Execute tpu embedding load function exclusively.

PiperOrigin-RevId: 448329928
diff --git a/tensorflow/dtensor/cc/constants.h b/tensorflow/dtensor/cc/constants.h
index 94fa4a5..94a6895 100644
--- a/tensorflow/dtensor/cc/constants.h
+++ b/tensorflow/dtensor/cc/constants.h
@@ -127,6 +127,9 @@
 
 // Name of dtensor load embedding function.
 static constexpr char kLoadEmbeddingFn[] = "load_embedding_fn";
+
+// Name of dtensor retrieve embedding function.

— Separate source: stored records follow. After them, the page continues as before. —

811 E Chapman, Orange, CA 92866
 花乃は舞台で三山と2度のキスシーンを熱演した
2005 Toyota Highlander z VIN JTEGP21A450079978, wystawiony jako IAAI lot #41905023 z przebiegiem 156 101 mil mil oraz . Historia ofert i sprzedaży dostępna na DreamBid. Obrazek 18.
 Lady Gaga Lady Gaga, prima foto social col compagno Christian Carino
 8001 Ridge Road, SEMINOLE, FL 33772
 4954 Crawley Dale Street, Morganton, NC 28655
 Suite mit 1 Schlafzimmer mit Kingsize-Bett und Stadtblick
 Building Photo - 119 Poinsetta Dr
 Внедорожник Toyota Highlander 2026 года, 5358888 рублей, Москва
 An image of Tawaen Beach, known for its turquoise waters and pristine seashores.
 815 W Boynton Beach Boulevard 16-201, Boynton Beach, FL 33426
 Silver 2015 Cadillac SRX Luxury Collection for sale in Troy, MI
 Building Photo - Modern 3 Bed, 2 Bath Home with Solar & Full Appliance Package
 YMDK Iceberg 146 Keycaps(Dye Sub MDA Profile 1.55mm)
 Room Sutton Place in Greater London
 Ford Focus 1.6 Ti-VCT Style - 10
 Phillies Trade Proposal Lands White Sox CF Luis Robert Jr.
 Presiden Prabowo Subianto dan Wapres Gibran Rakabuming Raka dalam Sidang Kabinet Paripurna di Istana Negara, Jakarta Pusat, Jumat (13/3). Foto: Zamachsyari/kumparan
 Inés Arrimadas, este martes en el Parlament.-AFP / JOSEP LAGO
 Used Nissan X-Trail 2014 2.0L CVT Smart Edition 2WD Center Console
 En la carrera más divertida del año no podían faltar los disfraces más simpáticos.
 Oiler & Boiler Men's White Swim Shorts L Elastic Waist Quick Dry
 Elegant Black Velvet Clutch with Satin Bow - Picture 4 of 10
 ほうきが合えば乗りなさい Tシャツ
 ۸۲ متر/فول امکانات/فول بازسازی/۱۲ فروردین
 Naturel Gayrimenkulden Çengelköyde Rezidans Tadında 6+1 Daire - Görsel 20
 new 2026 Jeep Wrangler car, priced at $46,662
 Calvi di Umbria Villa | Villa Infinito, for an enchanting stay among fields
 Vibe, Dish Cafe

+static constexpr char kRetrieveEmbeddingFn[] = "retrieve_embedding_fn";
 }  // namespace dtensor
 }  // namespace tensorflow
 
diff --git a/tensorflow/dtensor/cc/dtensor_device.cc b/tensorflow/dtensor/cc/dtensor_device.cc
index e922382..0afd917 100644
--- a/tensorflow/dtensor/cc/dtensor_device.cc
+++ b/tensorflow/dtensor/cc/dtensor_device.cc
@@ -1441,6 +1441,11 @@
   }
   VLOG(4) << tensorflow::DumpGraphToFile("after_mlir_spmd_lowering", *graph,
                                          flib_def);
+  if (flib_def->Contains(kLoadEmbeddingFn)) {
+    Status s = InsertFunctionForTPUEmbeddingCheckpoint(
+        status, graph.get(), inputs, kLoadEmbeddingFn);
+    RETURN_C_STATUS_IF_NOT_OK(s, status);
+  }
 
   // After MLIR transformations, exactly one StatefulPartitionedCall op is
   // returned for mesh cluster in computation. Identity all functions to execute
@@ -1548,7 +1553,7 @@
   std::map<std::string, const MeshWithParallelDevice*>
       function_name_and_mesh_mapping;
   absl::flat_hash_set<std::string> excluded_fn_names;
-  std::unique_ptr<const TranslatedFunction> epu_fn_ptr;
+  std::unique_ptr<const TranslatedFunction> epu_fn_ptr, load_embedding_ptr;
   for (const TranslatedFunction& function :
        execution_functions->function_list) {
     StatusOr<Mesh> maybe_converted_mesh = function.function_mesh;
@@ -1584,6 +1589,14 @@
       epu_fn_ptr = std::make_unique<const TranslatedFunction>(function);
       excluded_fn_names.insert(function.translated_function_name);
     }
+    if (absl::StartsWith(function.translated_function_name, kLoadEmbeddingFn)) {
+      if (load_embedding_ptr != nullptr) {
+        RETURN_STATUS(status, TF_INTERNAL,
+                      "There are more than one function defined on EPU mesh.");
+      }
+      load_embedding_ptr = std::make_unique<const TranslatedFunction>(function);
+      excluded_fn_names.insert(function.translated_function_name);
+    }
   }
 
   // Compute the step_id based on the function_mesh_fingerprint and the
@@ -1612,6 +1625,23 @@
         /*status=*/status);
   }
 
+  if (load_embedding_ptr != nullptr) {
+    StatusOr<std::vector<parallel_device::ParallelTensor*>> parallel_inputs =
+        PrepareEmbeddingInputs(inputs);
+    if (!parallel_inputs.ok()) {
+      RETURN_STATUS(status, TF_INTERNAL,
+                    parallel_inputs.status().error_message().c_str());
+    }
+    ExecuteFunctionAndWait(
+        context,
+        /*function_ptr=*/load_embedding_ptr.get(),
+        /*parallel_device_mesh=*/
+        function_name_and_mesh_mapping[load_embedding_ptr
+                                           ->translated_function_name],
+        /*parallel_inputs=*/*parallel_inputs, /*step_id=*/step_id,
+        /*attributes=*/attributes, /*status=*/status);
+  }
+
   // Execute all functions in parallel.
   for (const TranslatedFunction& function :
        execution_functions->function_list) {
@@ -1686,6 +1716,10 @@
       TF_NewStatus(), TF_DeleteStatus);
   for (const TranslatedFunction& function :
        execution_functions->function_list) {
+    // Skip execution for a function when it's excluded.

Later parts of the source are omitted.